> **Data extract**
☆ ☆ ☆ ☆ ☆ ☆ ☆
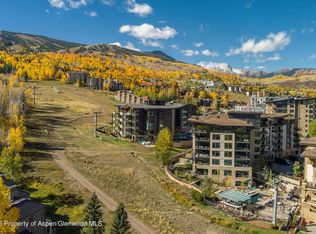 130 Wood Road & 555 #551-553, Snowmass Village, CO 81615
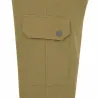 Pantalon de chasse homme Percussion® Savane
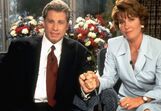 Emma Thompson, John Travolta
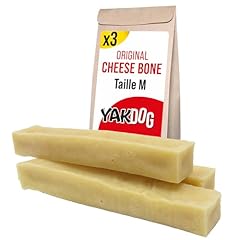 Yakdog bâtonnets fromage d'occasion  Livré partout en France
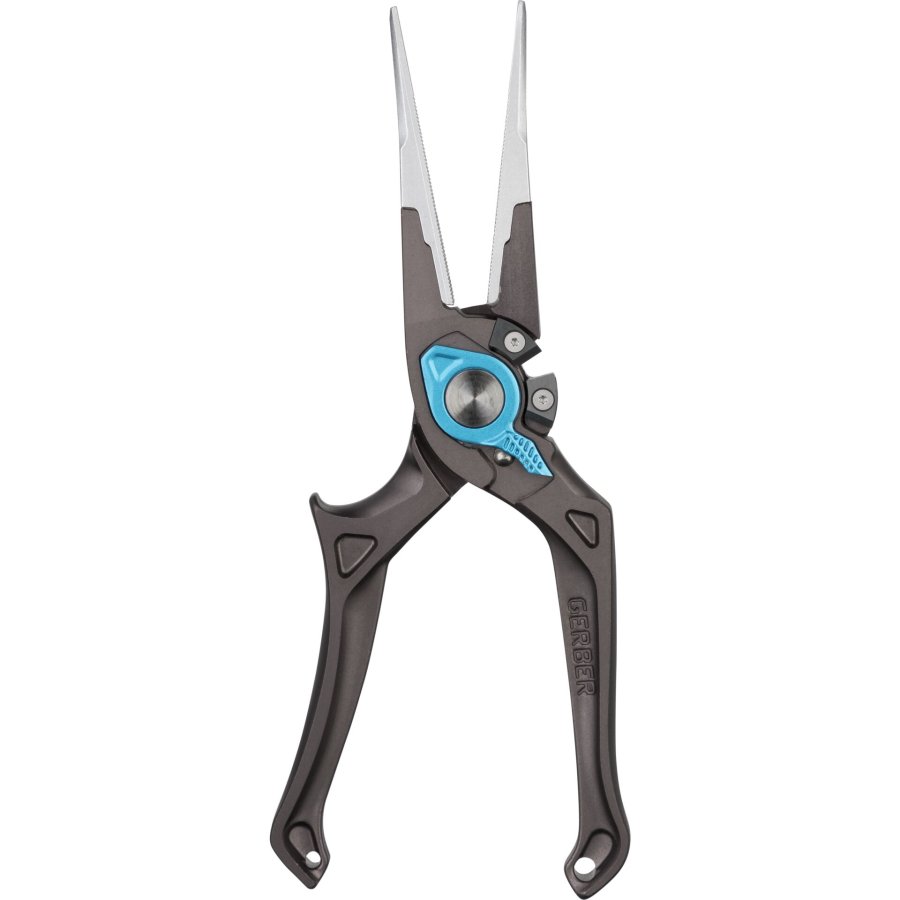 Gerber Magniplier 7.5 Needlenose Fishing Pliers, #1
☆ ☆ ☆ ☆ ☆ ☆ ☆
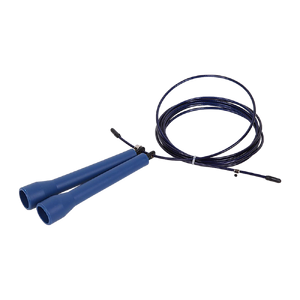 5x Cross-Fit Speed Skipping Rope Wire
☆ ☆ ☆ ☆ ☆ ☆ ☆
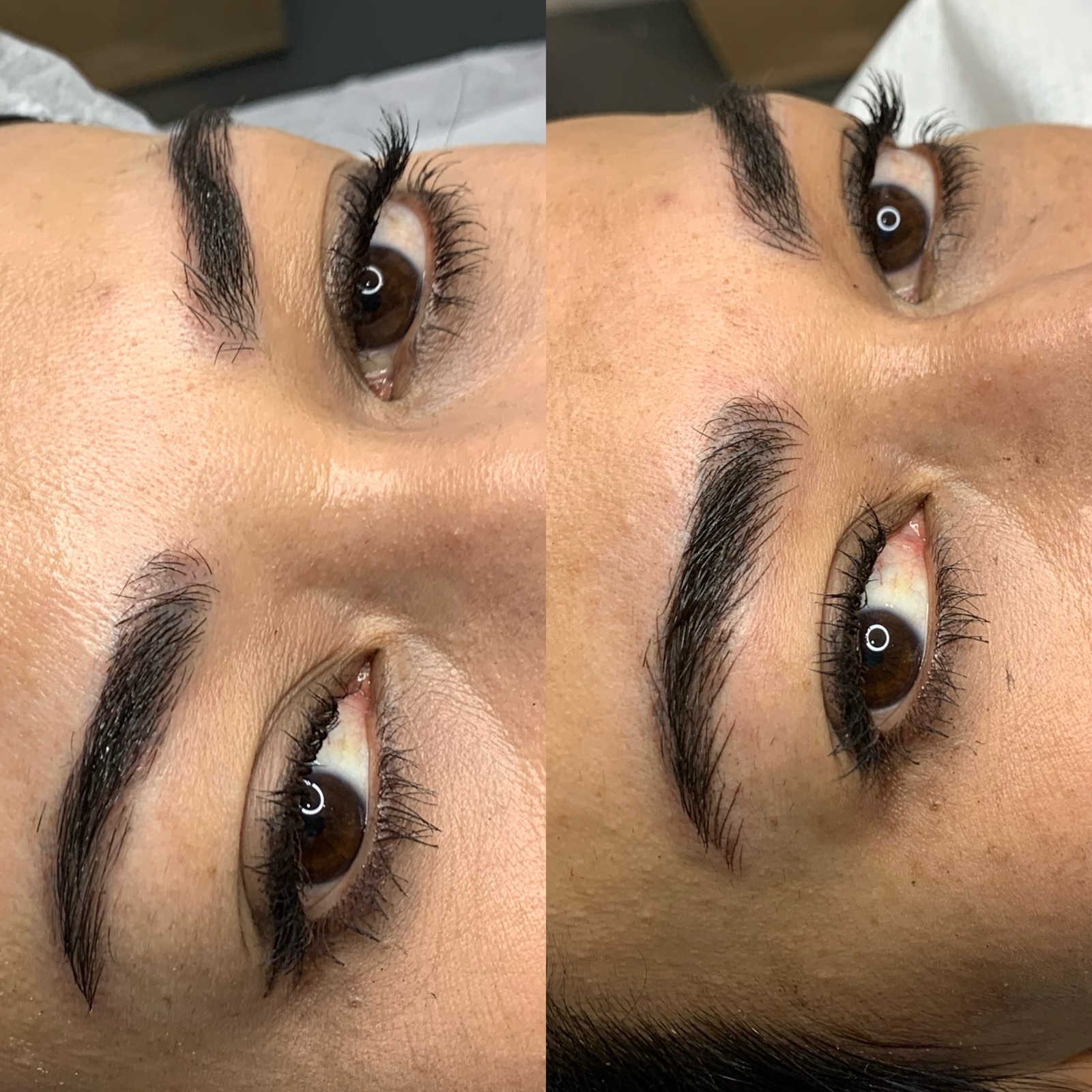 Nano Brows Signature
☆ ☆ ☆ ☆ ☆ ☆ ☆
> **Assigned task**
In the entries above, find the line containing "Emma Thompson, John Travolta" and the line containing "Gerber Magniplier 7.5", then copy both and every line between them exactly, without any picture.

> **Reply to the task**
 Emma Thompson, John Travolta
 Yakdog bâtonnets fromage d'occasion  Livré partout en France
 Gerber Magniplier 7.5 Needlenose Fishing Pliers, #1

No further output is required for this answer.